X_train, X_test, y_train, y_test = train_test_split(X_resampled, y_resampled, test_size=0.2, random_state=42)

X_train_cnn = np.expand_dims(X_train, axis=2)
X_test_cnn = np.expand_dims(X_test, axis=2)


# CNN + Transformer Model

def transformer_block(inputs, head_size, num_heads, ff_dim, dropout=0):
    x = LayerNormalization(epsilon=1e-6)(inputs)
    x = MultiHeadAttention(key_dim=head_size, num_heads=num_heads, dropout=dropout)(x, x)
    x = Dropout(dropout)(x)
    res = Add()([x, inputs])

    x = LayerNormalization(epsilon=1e-6)(res)
    x = Dense(ff_dim, activation="relu")(x)
    x = Dropout(dropout)(x)
    x = Dense(inputs.shape[-1])(x)
    return Add()([x, res])

input_layer = Input(shape=(X_train_cnn.shape[1], 1))

x = Conv1D(filters=64, kernel_size=3, padding='same', activation='relu')(input_layer)
x = MaxPooling1D(pool_size=2)(x)
x = transformer_block(x, head_size=64, num_heads=2, ff_dim=128, dropout=0.1)
x = GlobalAveragePooling1D()(x)
x = Dense(128, activation='relu')(x)
x = Dropout(0.3)(x)
x = Dense(64, activation='relu')(x)
x = Dropout(0.2)(x)
output_layer = Dense(1, activation='sigmoid')(x)

model = Model(inputs=input_layer, outputs=output_layer)
model.compile(optimizer=Adam(learning_rate=0.0005), loss='binary_crossentropy', metrics=['accuracy'])
model.summary()

# Train Model

history = model.fit(X_train_cnn, y_train, epochs=50, batch_size=32, validation_split=0.2, verbose=1)

test_loss, test_acc = model.evaluate(X_test_cnn, y_test, verbose=0)
print(f"\nCNN + Transformer Test Accuracy is: {test_acc * 100:.2f}%")

preds = (model.predict(X_test_cnn) > 0.5).astype(int)
print("\nClassification Report:\n", classification_report(y_test, preds))


The behavior will change in pandas 3.0. This inplace method will never work because the intermediate object on which we are setting values always behaves as a copy.

For example, when doing 'df[col].method(value, inplace=True)', try using 'df.method({col: value}, inplace=True)' or df[col] = df[col].method(value) instead, to perform the operation inplace on the original object.

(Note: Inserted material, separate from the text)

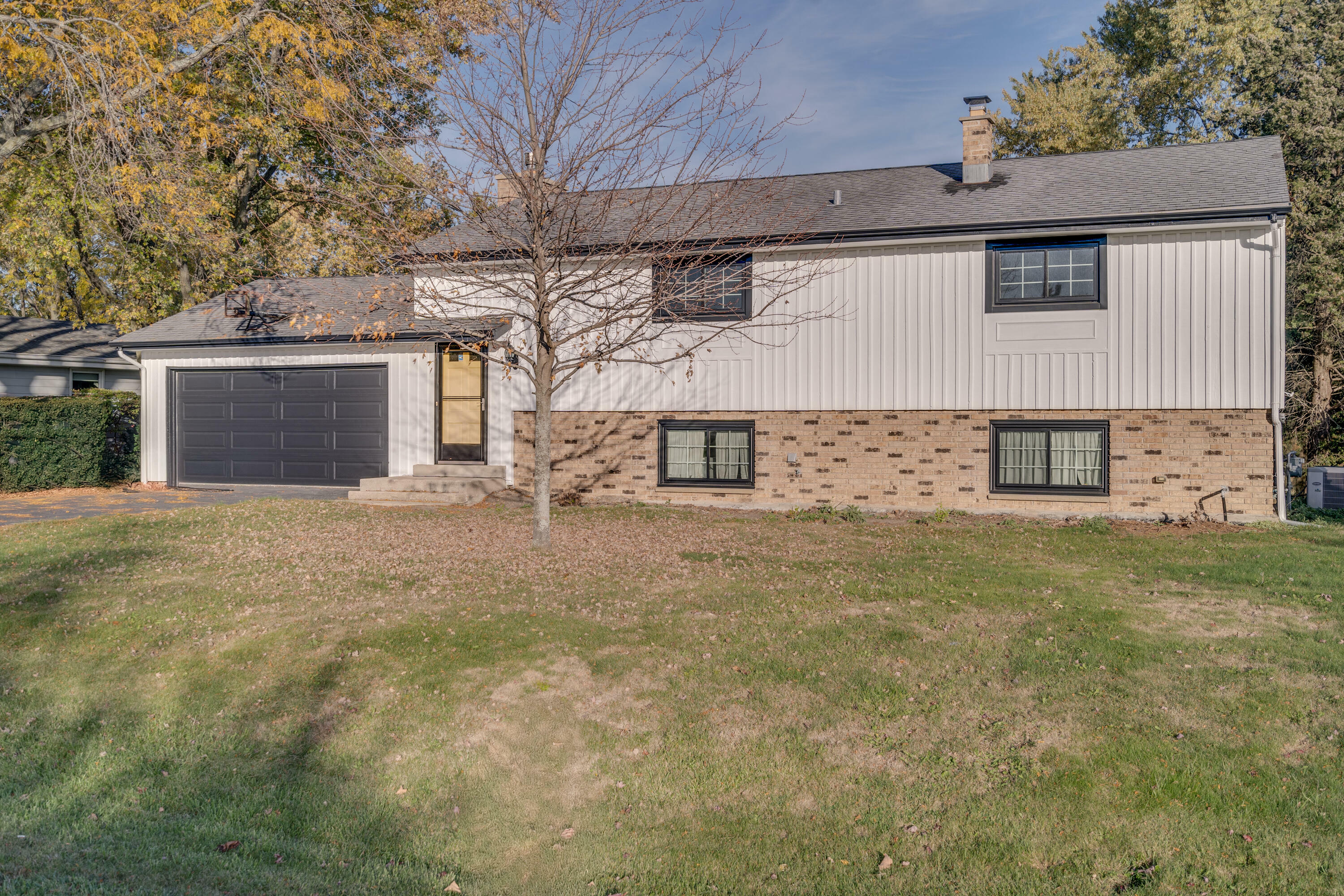 Property Photo:  2941 Chapel Ln  WI 53406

  df['EF'].fillna(df['EF'].mean(), inplace=True)
The behavior will change in pandas 3.0. This inplace method will never work because the intermediate object on which we are setting values always behaves as a copy.

For example, when doing 'df[col].method(value, inplace=True)', try using 'df.method({col: value}, inplace=True)' or df[col] = df[col].method(value) instead, to perform the operation inplace on the original object.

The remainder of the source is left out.